These dots are for future extensions and must be empty.

name_spec

If both inner and outer names are present, control how they are combined. Should be a glue specification that uses variables inner and outer.

name_repair

One of "minimal", "unique", "universal", or "check_unique". See vctrs::vec_as_names() for the meaning of these options.

Value

A list of the same type as x.
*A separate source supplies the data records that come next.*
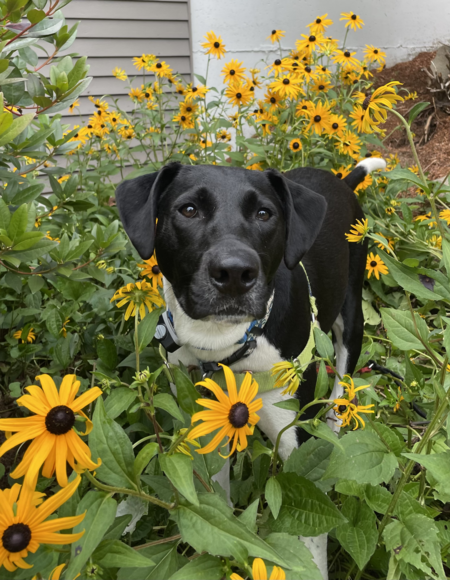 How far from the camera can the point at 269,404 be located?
5.68ft

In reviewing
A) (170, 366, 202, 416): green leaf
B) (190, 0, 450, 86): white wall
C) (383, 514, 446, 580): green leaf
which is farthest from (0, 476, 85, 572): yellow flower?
(190, 0, 450, 86): white wall

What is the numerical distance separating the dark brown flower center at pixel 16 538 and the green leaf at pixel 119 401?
338 mm

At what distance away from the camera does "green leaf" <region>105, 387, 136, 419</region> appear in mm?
1051

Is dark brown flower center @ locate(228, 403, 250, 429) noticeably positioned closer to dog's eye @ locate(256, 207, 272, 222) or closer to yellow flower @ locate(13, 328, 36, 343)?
dog's eye @ locate(256, 207, 272, 222)

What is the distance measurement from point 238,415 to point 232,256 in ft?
2.20

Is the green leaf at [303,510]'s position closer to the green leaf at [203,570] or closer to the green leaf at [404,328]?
the green leaf at [203,570]

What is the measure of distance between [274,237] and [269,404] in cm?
67

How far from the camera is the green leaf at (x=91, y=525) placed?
0.74m

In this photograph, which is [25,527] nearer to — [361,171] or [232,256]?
[232,256]

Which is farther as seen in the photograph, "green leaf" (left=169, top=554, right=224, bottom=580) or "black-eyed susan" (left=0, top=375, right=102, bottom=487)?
"green leaf" (left=169, top=554, right=224, bottom=580)

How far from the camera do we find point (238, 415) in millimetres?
866

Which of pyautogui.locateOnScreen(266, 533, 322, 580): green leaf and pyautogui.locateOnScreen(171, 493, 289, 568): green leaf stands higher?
pyautogui.locateOnScreen(171, 493, 289, 568): green leaf

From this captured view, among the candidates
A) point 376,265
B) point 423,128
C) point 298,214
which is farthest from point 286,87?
point 423,128

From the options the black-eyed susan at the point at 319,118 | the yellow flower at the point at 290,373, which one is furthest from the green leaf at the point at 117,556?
the black-eyed susan at the point at 319,118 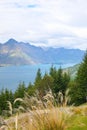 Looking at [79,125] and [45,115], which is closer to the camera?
[45,115]

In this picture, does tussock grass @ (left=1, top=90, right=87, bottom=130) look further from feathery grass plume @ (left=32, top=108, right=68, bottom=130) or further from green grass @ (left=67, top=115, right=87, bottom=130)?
green grass @ (left=67, top=115, right=87, bottom=130)

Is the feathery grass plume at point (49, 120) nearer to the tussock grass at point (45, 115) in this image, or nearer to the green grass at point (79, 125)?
the tussock grass at point (45, 115)

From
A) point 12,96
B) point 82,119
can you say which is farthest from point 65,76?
point 82,119

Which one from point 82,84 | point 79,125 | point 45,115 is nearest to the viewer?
point 45,115

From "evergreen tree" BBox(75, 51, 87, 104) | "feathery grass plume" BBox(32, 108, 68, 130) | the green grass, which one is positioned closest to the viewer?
"feathery grass plume" BBox(32, 108, 68, 130)

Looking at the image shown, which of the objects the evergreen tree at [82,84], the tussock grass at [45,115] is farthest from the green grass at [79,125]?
the evergreen tree at [82,84]

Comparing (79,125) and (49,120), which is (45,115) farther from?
(79,125)

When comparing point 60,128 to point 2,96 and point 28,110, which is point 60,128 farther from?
point 2,96

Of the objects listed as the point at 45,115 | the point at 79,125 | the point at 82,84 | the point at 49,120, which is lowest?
the point at 82,84

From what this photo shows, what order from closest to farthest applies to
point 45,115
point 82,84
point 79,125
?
point 45,115, point 79,125, point 82,84

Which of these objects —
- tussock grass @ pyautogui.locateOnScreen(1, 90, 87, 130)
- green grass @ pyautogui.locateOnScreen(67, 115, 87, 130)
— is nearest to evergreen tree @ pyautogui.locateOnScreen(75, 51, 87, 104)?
green grass @ pyautogui.locateOnScreen(67, 115, 87, 130)

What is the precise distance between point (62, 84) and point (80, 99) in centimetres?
1236

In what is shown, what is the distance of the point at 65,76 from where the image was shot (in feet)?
218

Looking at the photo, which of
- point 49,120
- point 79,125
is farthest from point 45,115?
point 79,125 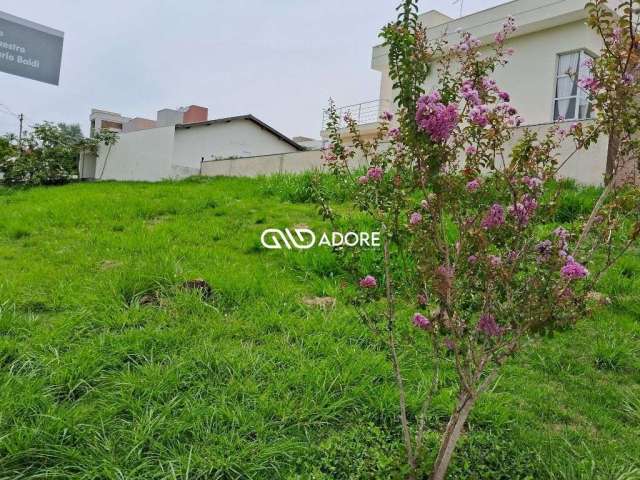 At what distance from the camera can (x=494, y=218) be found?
1.68m

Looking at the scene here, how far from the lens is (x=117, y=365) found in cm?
237

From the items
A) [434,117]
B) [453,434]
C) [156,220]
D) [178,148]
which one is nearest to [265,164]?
[178,148]

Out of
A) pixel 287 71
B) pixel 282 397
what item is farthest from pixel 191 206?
pixel 287 71

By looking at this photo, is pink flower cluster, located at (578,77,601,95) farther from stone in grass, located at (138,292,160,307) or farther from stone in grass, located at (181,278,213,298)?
stone in grass, located at (138,292,160,307)

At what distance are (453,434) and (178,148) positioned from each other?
41.1 ft

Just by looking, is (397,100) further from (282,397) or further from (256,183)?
(256,183)

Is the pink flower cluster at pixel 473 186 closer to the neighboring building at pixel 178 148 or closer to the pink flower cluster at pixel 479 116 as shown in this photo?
the pink flower cluster at pixel 479 116

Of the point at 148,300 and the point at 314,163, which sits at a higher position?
the point at 314,163

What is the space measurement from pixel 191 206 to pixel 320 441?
509cm

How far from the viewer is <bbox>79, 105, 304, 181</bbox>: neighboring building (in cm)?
1266

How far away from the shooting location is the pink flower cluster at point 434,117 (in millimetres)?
1467

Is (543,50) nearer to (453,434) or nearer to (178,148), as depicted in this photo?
(178,148)

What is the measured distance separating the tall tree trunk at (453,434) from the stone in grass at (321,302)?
164 cm

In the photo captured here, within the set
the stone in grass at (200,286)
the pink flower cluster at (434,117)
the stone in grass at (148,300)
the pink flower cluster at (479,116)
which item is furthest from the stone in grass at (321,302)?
the pink flower cluster at (434,117) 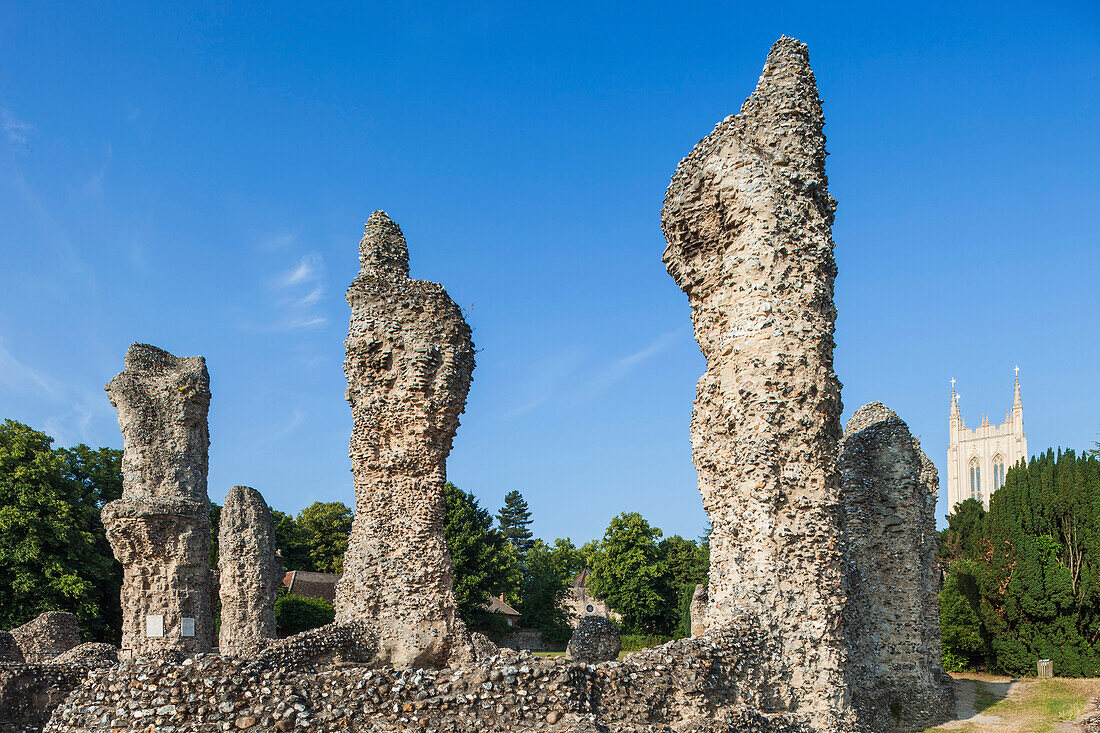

The list might be shorter if x contains empty lists, the same length if it contains lists of length 1 or no sub-lists, or longer if it contains lists of length > 1.

Examples

x <- list(1, list(2, 3), list(4, list(5)))
x |> list_flatten() |> str()
#> List of 5
#>  $ : num 1
#>  $ : num 2
#>  $ : num 3
#>  $ : num 4
#>  $ :List of 1
#>   ..$ : num 5
x |> list_flatten() |> list_flatten() |> str()
#> List of 5
#>  $ : num 1
#>  $ : num 2
#>  $ : num 3
#>  $ : num 4
#>  $ : num 5

# Flat lists are left as is
list(1, 2, 3, 4, 5) |> list_flatten() |> str()
#> List of 5
#>  $ : num 1
#>  $ : num 2
#>  $ : num 3
#>  $ : num 4
#>  $ : num 5

# Empty lists will disappear
list(1, list(), 2, list(3)) |> list_flatten() |> str()
#> List of 3
#>  $ : num 1
#>  $ : num 2
#>  $ : num 3

# Another way to see this is that it reduces the depth of the list
x <- list(
  list(),
  list(list())
)
x |> pluck_depth()
#> [1] 3
x |> list_flatten() |> pluck_depth()
#> [1] 2

# Use name_spec to control how inner and outer names are combined
x <- list(x = list(a = 1, b = 2), y = list(c = 1, d = 2))
x |> list_flatten() |> names()
#> [1] "x_a" "x_b" "y_c" "y_d"
x |> list_flatten(name_spec = "{outer}") |> names()
#> [1] "x" "x" "y" "y"
x |> list_flatten(name_spec = "{inner}") |> names()
#> [1] "a" "b" "c" "d"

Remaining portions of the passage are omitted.